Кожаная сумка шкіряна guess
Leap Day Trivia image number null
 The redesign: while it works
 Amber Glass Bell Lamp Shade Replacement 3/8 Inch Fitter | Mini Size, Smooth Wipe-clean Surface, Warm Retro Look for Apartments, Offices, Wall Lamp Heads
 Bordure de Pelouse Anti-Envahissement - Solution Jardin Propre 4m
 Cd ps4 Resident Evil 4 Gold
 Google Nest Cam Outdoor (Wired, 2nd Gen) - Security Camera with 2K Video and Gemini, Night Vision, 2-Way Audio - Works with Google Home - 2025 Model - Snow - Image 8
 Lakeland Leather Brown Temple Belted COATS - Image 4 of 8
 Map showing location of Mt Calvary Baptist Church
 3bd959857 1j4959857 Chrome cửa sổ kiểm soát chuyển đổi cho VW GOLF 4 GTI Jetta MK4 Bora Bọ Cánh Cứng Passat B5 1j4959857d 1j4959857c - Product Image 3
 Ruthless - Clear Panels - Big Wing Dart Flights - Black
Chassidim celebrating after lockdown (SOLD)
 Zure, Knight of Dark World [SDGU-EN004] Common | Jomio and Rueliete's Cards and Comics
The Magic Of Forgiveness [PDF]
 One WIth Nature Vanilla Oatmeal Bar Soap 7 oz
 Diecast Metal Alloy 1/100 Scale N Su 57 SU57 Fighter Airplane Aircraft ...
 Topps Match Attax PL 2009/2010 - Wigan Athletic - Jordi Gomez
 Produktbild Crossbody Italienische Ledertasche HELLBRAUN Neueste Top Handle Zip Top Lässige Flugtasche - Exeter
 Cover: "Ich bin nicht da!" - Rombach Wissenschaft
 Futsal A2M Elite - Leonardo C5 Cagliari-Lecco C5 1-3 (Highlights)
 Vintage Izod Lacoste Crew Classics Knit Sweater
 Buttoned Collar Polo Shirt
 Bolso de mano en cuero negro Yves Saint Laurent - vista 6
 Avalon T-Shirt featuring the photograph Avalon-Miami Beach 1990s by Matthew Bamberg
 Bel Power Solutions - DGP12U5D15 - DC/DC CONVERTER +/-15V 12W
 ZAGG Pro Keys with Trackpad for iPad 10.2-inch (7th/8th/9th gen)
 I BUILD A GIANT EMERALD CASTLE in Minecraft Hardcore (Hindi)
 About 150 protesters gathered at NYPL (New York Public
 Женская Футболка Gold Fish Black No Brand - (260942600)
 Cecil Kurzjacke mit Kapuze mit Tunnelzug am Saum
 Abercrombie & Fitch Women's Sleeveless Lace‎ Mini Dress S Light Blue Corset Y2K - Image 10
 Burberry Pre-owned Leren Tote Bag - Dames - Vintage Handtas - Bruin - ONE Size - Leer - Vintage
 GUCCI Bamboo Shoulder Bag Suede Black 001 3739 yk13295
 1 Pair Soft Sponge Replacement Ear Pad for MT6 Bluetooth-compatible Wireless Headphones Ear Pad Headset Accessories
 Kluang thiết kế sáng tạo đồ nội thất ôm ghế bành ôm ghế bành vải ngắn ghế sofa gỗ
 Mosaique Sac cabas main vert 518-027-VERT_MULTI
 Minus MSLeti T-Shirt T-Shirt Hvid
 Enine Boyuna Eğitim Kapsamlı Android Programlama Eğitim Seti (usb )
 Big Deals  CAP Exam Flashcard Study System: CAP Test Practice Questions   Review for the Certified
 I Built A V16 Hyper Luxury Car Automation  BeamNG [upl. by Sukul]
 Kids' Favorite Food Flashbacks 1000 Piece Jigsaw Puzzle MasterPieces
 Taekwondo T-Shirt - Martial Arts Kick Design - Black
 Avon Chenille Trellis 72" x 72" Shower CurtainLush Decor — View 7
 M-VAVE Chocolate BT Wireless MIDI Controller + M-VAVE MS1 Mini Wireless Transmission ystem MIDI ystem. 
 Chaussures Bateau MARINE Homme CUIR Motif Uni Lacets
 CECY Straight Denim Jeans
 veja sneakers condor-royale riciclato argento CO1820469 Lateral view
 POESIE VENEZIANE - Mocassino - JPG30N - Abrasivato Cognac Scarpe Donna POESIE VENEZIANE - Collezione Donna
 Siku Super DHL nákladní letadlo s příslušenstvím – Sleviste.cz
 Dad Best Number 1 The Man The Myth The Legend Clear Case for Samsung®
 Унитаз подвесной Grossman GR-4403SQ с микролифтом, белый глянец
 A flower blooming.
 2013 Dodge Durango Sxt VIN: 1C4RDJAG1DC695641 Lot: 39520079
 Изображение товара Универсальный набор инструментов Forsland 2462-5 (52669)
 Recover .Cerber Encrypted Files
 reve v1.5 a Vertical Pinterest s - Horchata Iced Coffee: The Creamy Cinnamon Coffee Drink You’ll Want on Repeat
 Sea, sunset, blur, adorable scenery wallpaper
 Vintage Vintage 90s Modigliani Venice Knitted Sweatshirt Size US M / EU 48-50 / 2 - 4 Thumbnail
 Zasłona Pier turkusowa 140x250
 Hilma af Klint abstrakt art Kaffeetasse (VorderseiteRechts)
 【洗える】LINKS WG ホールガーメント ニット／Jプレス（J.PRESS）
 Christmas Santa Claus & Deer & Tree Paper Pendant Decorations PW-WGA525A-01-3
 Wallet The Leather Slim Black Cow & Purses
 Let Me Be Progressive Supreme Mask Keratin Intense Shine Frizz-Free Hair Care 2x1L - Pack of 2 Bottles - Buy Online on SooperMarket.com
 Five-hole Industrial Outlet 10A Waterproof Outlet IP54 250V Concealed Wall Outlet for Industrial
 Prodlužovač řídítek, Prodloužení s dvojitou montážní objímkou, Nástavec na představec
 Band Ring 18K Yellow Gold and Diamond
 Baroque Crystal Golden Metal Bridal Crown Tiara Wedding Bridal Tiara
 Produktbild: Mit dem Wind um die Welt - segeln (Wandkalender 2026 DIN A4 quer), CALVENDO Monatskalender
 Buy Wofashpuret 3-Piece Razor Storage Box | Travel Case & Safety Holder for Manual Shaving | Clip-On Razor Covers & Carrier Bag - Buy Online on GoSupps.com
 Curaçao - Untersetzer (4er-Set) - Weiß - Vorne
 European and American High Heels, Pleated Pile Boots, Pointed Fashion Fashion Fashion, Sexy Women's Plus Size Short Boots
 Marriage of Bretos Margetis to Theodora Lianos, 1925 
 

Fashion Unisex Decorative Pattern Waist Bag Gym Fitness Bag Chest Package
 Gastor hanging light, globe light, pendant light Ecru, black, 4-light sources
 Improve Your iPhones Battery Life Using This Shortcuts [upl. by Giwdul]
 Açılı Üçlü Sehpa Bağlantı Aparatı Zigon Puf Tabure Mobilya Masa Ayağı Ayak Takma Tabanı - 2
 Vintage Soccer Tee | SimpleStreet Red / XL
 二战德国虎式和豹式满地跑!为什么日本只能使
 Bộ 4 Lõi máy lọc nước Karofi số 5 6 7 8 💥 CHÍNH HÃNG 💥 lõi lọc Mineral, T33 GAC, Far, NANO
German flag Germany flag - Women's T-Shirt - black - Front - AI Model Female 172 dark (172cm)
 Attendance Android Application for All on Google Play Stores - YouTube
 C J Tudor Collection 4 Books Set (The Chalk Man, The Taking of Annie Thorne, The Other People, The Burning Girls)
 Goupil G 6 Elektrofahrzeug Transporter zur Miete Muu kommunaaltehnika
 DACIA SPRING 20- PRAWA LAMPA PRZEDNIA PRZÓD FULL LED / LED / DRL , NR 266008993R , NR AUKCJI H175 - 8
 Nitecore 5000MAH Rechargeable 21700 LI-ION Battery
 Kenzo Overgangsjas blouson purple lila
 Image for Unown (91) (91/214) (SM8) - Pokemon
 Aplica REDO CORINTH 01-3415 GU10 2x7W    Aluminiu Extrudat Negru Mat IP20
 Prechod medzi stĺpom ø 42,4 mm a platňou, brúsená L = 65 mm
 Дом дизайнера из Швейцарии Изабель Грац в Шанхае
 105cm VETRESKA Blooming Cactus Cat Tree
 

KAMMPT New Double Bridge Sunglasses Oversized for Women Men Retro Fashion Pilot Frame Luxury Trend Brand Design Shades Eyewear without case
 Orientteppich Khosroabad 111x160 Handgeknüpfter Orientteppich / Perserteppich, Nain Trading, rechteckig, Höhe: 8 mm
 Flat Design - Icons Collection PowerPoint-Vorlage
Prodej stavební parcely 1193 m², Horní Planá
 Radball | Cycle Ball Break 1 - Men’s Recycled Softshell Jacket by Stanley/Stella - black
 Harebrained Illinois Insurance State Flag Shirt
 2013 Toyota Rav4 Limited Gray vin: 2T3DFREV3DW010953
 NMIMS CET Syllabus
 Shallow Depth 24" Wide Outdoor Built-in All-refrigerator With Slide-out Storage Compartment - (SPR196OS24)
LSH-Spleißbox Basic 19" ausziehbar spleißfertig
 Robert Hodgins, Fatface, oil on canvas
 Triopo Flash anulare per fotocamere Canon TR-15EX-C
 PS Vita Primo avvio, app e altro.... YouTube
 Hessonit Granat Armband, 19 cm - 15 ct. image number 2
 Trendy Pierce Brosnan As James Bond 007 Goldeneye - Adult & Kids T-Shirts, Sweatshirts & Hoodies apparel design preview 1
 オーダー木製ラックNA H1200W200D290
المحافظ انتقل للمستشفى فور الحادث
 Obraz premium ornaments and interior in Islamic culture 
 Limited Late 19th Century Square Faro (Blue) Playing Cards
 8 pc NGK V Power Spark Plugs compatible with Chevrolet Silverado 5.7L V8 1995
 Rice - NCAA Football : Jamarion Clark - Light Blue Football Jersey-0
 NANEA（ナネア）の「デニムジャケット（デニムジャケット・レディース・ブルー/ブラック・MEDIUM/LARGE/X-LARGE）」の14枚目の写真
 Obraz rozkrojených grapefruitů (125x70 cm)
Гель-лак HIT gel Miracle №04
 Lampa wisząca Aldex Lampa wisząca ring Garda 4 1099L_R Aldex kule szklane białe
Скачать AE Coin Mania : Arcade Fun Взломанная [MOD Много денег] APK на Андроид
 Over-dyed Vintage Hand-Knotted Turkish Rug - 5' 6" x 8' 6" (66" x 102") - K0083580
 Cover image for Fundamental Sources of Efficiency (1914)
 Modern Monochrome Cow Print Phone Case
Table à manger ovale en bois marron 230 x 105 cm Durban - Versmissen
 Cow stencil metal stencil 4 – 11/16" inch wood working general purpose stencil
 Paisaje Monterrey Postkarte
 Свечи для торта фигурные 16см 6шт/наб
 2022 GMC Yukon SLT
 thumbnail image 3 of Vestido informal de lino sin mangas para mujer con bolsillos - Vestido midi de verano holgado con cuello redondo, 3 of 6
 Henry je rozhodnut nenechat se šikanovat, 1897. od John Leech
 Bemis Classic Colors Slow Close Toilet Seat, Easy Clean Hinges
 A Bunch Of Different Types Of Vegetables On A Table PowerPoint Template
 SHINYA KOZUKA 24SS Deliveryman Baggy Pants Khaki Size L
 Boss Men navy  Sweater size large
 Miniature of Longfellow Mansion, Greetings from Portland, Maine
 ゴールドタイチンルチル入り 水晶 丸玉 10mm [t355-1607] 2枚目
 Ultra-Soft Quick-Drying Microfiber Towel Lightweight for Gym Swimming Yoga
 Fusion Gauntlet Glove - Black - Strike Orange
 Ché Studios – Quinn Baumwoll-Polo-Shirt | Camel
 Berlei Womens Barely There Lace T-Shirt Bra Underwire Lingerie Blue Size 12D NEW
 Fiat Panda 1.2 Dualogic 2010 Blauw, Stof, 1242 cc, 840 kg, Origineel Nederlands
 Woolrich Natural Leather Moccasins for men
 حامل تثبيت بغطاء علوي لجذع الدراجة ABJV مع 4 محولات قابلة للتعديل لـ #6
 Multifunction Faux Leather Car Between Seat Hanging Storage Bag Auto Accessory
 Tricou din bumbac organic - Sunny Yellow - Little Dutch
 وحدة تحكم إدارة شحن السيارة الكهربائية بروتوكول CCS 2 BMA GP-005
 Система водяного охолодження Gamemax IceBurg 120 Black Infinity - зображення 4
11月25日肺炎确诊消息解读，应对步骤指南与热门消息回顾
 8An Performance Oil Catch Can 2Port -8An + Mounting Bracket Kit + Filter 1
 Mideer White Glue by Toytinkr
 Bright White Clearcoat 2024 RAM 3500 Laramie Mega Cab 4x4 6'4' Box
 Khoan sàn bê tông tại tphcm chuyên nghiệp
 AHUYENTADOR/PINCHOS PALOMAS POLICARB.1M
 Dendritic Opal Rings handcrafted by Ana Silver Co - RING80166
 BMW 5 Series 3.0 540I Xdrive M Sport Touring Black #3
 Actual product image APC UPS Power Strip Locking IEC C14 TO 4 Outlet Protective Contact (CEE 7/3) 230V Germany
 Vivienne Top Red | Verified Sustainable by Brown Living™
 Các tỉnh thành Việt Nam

(PROBLEM TO SOLVE): Retype only this range exactly: the first line of the data through the line where "Cd ps4 Resident Evil 4 Gold" appears.

(EXERCISE RESULT):
Кожаная сумка шкіряна guess
Leap Day Trivia image number null
 The redesign: while it works
 Amber Glass Bell Lamp Shade Replacement 3/8 Inch Fitter | Mini Size, Smooth Wipe-clean Surface, Warm Retro Look for Apartments, Offices, Wall Lamp Heads
 Bordure de Pelouse Anti-Envahissement - Solution Jardin Propre 4m
 Cd ps4 Resident Evil 4 Gold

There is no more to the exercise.